Whistler and Vancouver will host the 2025 Invictus Games in just three short years.
The Invictus Games are a sports competition that brings together injured and disabled armed forces personnel from 25 countries to compete in various sports.
Founded by the Duke of Sussex, Prince Harry, in 2014, this marks the first time the games will be coming to British Columbia, and the first time the games will include winter sports.
The bid to host the games was led by the Whistler Adaptive Sports Program and the True Patriot Love Foundation, a Canadian charity that supports veterans and their families.
In a presentation to Whistler's mayor and council on June 21, True Patriot Love Foundation CEO Nick Booth thanked council for its support of the bid and outlined what the games could look like when they arrive in the resort.

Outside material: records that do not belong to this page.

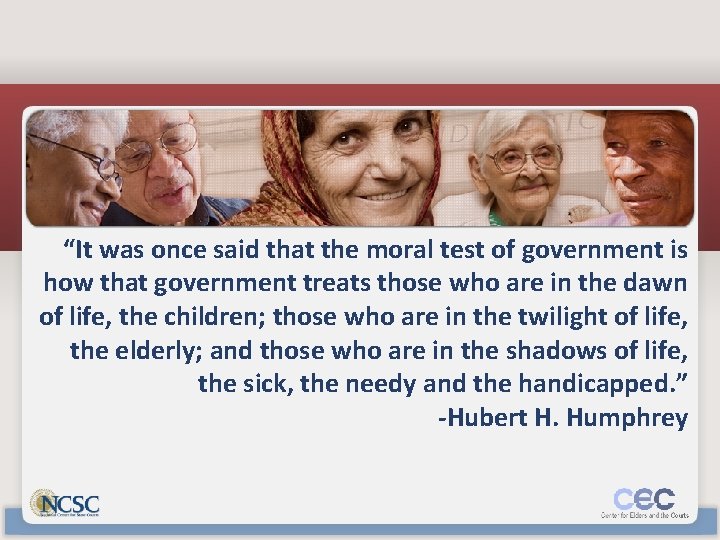 “It was once said that the moral test of government is how that government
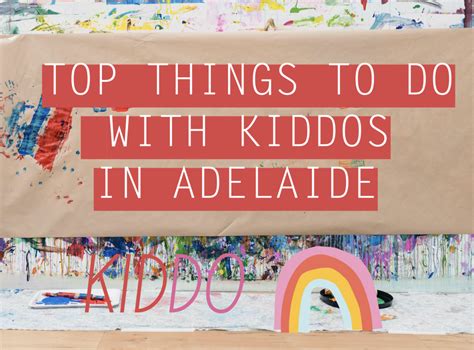 Top ‘things To Do With Kids In Adelaide Kiddo Mag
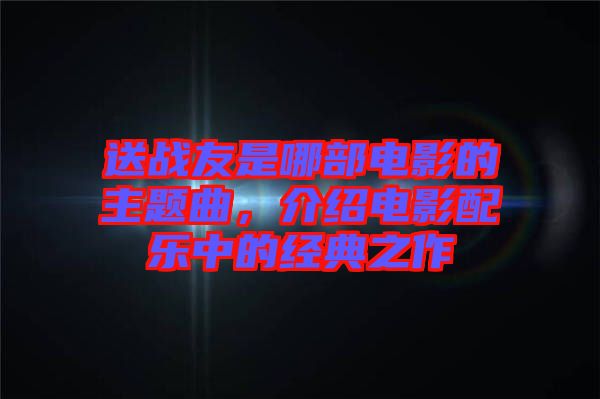 送戰(zhàn)友是哪部電影的主題曲，介紹電影配樂中的經(jīng)典之作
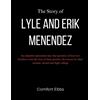 Comfort Ebbs The Story of Lyle and Erik Menendez (Tascabile)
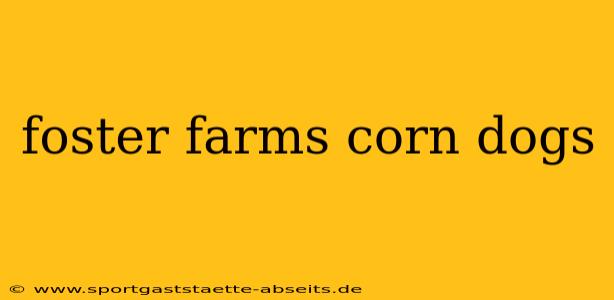 foster farms corn dogs
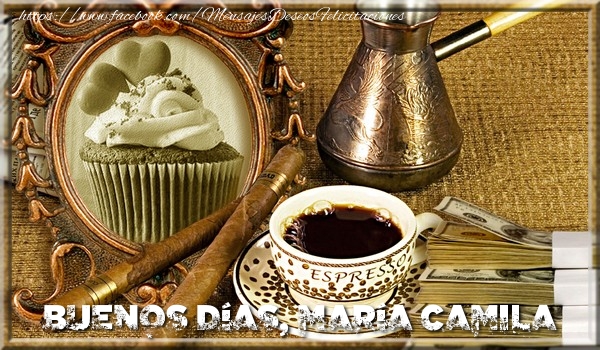 Felicitaciones de buenos días - Café & 1 Foto & Marco De Fotos | Buenos Días, María Camila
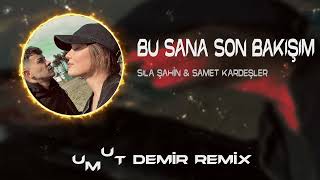 Sıla Şahin & Samet Kardeşler - Kahretsin Mahvettin Her Şeyi ( Umut Demir Remix ) Resimi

“What we've done in a pioneering, new hybrid format is to take the five most popular indoor sports and the current games that you can do during the winter ... to create the first-ever winter opportunity,” Booth said.
“The goal is to use Olympic venues both here and in Vancouver, so we don't require building new capital infrastructure anywhere. There may be ways that we can improve accessibility for the existing venues which we are working in partnership with. We hope to welcome roughly 550 competitors from up to 25 nations along with their family, friends and support staff."
The idea to hold the games in Whistler started a few years back when WASP executive director Chelsea Walker and others from the community took part in the Allied Winter Sports Camp hosted by the federal Soldier On program. That discussion filtered back to London and Prince Harry, who got very excited about the idea of holding a winter-focused Invictus Games.
“What's very important about the Invictus Games is that it is inclusive. It's not an elite sport," Booth said, noting that many who take part will be doing so in those sports often for the first time.
"Obviously, we'll be preparing them through winter sports camps in the run-up so that it's safe for them to take part, but this is not about high-level athlete journeys to the Paralympic games ... it's actually about people's journeys of recovery."
The Invictus Games are full of "extraordinary testimonies" of sportsmanship, Booth added—stories of athletes that have crossed the finish line together, "or sat on the side of a pool and watched their colleagues from different nations swim the length just so that their goal is to get to the other end,” he said.
Further, it will be an "extraordinary experience" to add winter sports to the fold, particularly for the athletes from those Invictus countries that don't have snow, Booth added.
“So Nigeria, Jordan, and Australia are Invictus nations, and it will be an amazing experience for serving members of their militaries and veterans to come to the world's most famous winter resort and take part on the hills that hosted the 2010 and hopefully the 2030 Olympic Games,” he said.
While the games are quite small compared to some of the larger sporting events that happen in Whistler and Vancouver, with journalists often outnumbering athletes, Booth believes that these games offer the community an opportunity to improve the capacity for adaptive sports at local faciities for years to come.
“We hope not only to leave behind the sort of physical legacy, but also the inspiration that the games will bring for community members," he said.
"When I think back to the earliest games that I took part in London, seeing children running up to double-leg amputees asking them for their autographs, it certainly is a memory that I hold dearly. I think it will leave a lasting impression on all those who live in Whistler as something that they can feel proud of moving forward."